Exercise instructions
Your answer should hold exactly the lines below from the line with "43023 - 43023" through the line with "Waterproof Earphone > PB-WE-004", both included, and no pictures at all.
(Data shown)
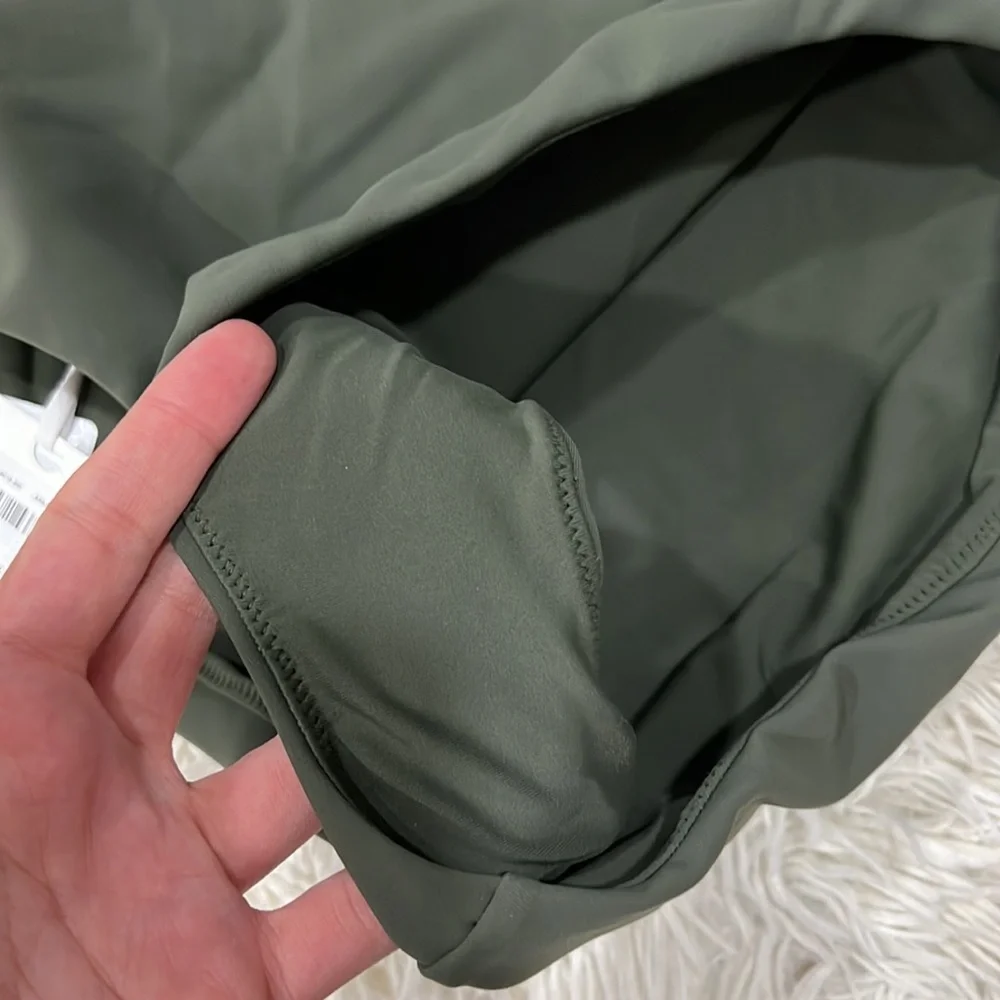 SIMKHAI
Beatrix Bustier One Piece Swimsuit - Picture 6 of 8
(End Data shown)
(Data shown)
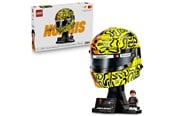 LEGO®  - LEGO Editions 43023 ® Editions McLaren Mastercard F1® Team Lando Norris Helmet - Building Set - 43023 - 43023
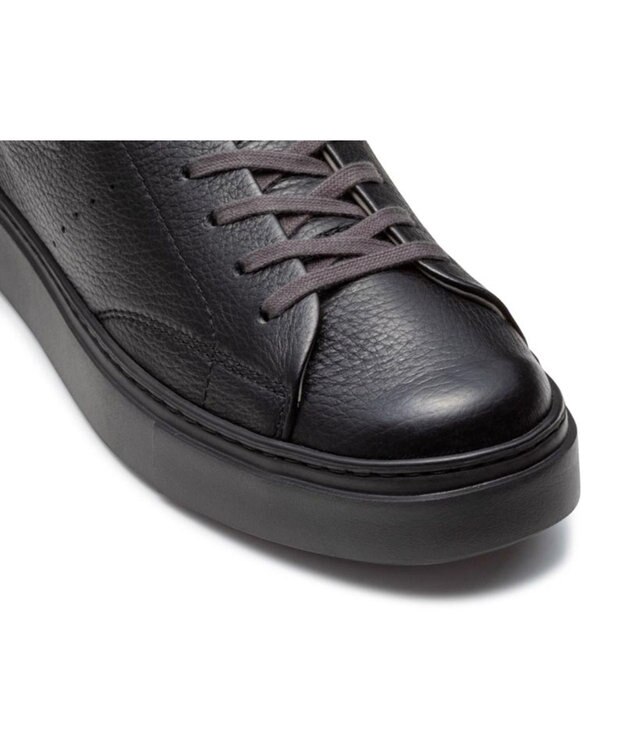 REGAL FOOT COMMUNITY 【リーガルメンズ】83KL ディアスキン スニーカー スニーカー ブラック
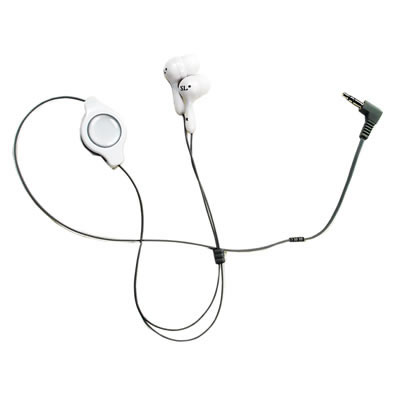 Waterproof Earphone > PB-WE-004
(End Data shown)
Answer for the task
 LEGO®  - LEGO Editions 43023 ® Editions McLaren Mastercard F1® Team Lando Norris Helmet - Building Set - 43023 - 43023
 REGAL FOOT COMMUNITY 【リーガルメンズ】83KL ディアスキン スニーカー スニーカー ブラック
 Waterproof Earphone > PB-WE-004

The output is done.